In the following case, I would say "only implement From<Src>, not From<&Src>":

// These types are NOT Copy! (Nor should they be.)

#[derive(Clone, ...)]
struct Src {
    v: Vec<u8>,
}

#[derive(Clone, ...)]
struct Dst {
    v: Vec<u8>,
}

My rationale: Suppose someone has a &Src, and they want a Dst. That can be done very easily without From<&Src>:

Dst::from(src_ref.clone())

You might say, "But you are forcing the user to clone!". True, but you would need to clone at some point anyway:

impl From<&Src> for Dst {
    fn from(src: &Src) -> Dst {
        Dst {
            v: src.v.clone(),
        }
    }
}

Alternatively,

impl From<&Src> for Dst {
    fn from(src: &Src) -> Dst {
        Dst::from(src.clone())
    }
}

Either way, you haven't avoided cloning.

Thm 1: if you have a &Src and you want to make a Dst, you will ALWAYS clone at some point. Implementing From<&Src> does not save you from that inevitability.

At the same time, you have nearly duplicated code. Look back at your From<Src>:

impl From<Src> for Dst {
    fn from(src: Src) -> Dst {
        Dst {
            v: src.v,
        }
    }
}

Looks really similar to the first impl of From<&Src>, right?

If we did the other way around (i.e. implement From<Src> in terms of From<&Src>), then we would always clone (this is just a corollary of thm 1).

Whereas, if we just implement From<Src>, the caller MIGHT be required to clone, but they might also have the opportunity to hand over ownership of Src, which would result in just a move instead of a clone.

Ok, but what if the caller has a Src, not a &Src. There are two subcases here:

  1. The caller wants to hang onto their copy of Src.
  2. The caller is ok with handing over ownership to Dst::from.

Of course, in the latter case, they should use our From<Src>.

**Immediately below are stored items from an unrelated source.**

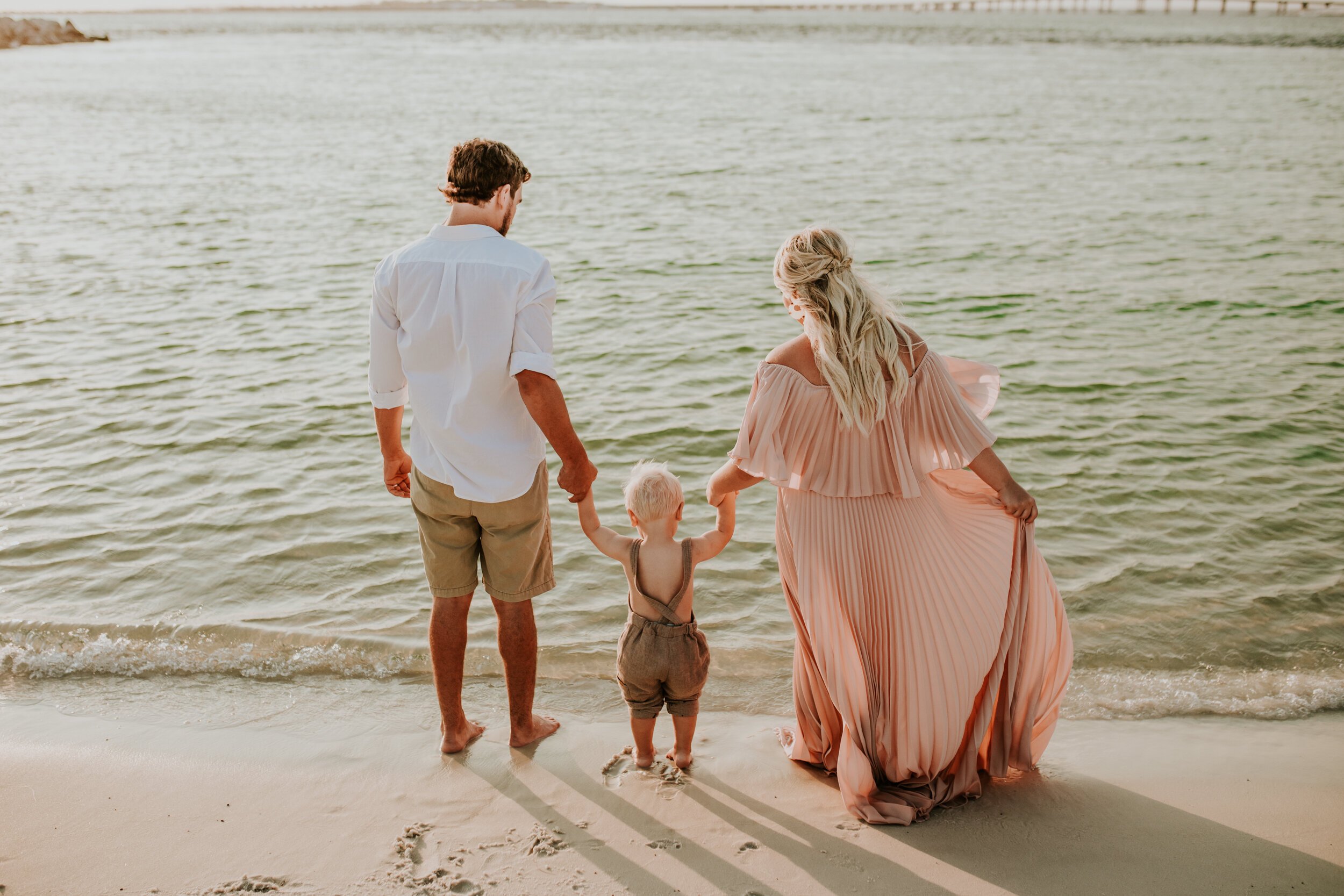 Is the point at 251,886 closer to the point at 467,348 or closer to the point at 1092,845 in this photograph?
the point at 467,348

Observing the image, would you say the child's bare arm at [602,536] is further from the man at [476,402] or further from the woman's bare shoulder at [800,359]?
the woman's bare shoulder at [800,359]

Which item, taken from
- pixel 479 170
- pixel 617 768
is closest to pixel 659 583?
pixel 617 768

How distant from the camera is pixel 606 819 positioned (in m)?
2.97

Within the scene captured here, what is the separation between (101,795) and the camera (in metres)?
3.10

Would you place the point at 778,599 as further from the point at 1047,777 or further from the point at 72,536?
the point at 72,536

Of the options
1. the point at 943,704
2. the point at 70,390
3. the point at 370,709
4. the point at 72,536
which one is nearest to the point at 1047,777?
the point at 943,704

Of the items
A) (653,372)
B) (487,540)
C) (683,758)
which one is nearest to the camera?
(487,540)

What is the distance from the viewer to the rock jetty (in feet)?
204

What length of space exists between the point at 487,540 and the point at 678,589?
0.63 metres

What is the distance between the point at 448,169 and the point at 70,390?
5.73 meters

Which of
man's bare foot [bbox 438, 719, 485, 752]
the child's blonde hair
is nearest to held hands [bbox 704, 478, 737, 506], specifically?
the child's blonde hair

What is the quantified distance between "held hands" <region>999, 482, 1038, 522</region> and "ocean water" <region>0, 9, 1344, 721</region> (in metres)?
1.38

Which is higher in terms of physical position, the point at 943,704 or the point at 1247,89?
the point at 1247,89

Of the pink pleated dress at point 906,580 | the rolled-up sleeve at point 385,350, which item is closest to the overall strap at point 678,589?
the pink pleated dress at point 906,580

But what about case 1? If we stick with my advice, it seems we again force the caller to clone:

Dst::from(src.clone())

If only we could do

Dst::from(&src)

! But look back to thm 1: we haven't actually avoided cloning. We just let From<&Src> do the dirty work of cloning for us. All we have done is swepted the clone under the rug, so to speak.

I think that covers all the (interesting) cases. I didn't really cover the case where Src and Dst are Copy, because that's not really "interesting". That's "not interesting" because there are no expensive clones to get rid of. The only thing you might have to do is use the dereference operator:

Dst::from(*src_ref);

But that's not a performance issue. The only "expense" of doing that is typing one more * character, which really won't kill you.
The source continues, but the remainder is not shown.